It’s obvious journalists think the tea partiers are a dangerous, racist, homophobic bunch of loons. It’s not just wacky MSNBC or the liberal Washington Post spreading this garbage. It’s nearly every major news outlet. Behind them, pulling the strings like Geppetto, is the core of the liberal movement – “progressive” websites, lefty personalities and Democratic politicians all making the same claim.

They are all wrong. In some cases, they are openly lying. In most cases, they are taking hypocrisy to epic levels.

First of all, claims that the tea party movement is made up of dangerous “extremists” are disproven automatically by events. Tea party groups have been around more than a year throwing hundreds or even thousands of protest rallies. Yet, less violence has actually occurred than you might see at an NFL game between rival fans.

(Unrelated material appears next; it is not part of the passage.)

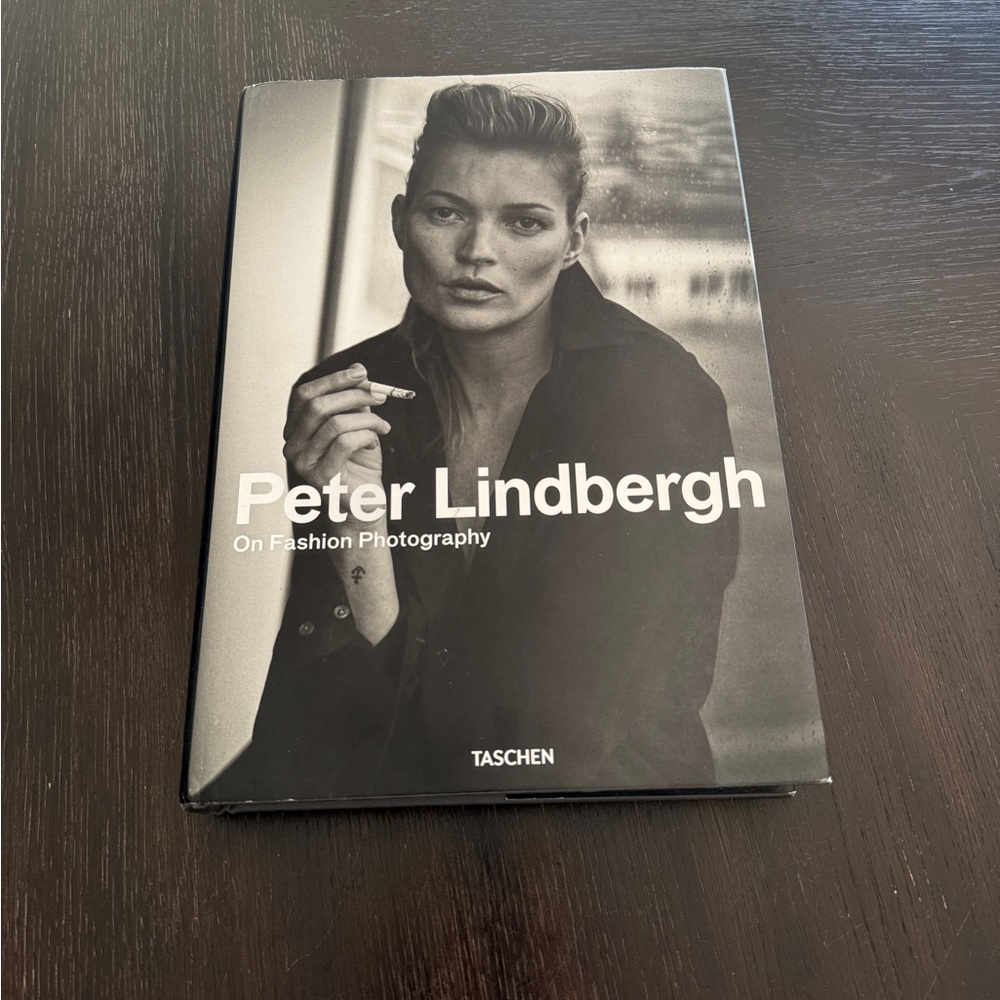 TASCHEN | peter lindbergh on fashion photography coffee table book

Yet, the theme of Tea Party-violence is everywhere. It even led to claims that former Gov. Sarah Palin’s, R-Alaska, used a "threatening" political strategy map. That map was made to take "aim" at 20 congressional races, using crosshairs. Critics were upset by the use of crosshairs to indicate each race. It’s as if the media expect us to forget that journalists use “target” and “aim” in stories all the time or that we live in a nation where 1,740 stores operate under the “Target” name and use a bullseye as a logo. But the media combined Palin's map with Palin’s use of the word “reload” to paint her as a member of the fringe element.

New York Times columnist Paul Krugman called out Palin because he’s afraid of his shadow: “And Sarah Palin put out a map literally putting Democratic lawmakers in the cross hairs of a rifle sight.” MSNBC called it a “Dem Hit-list.”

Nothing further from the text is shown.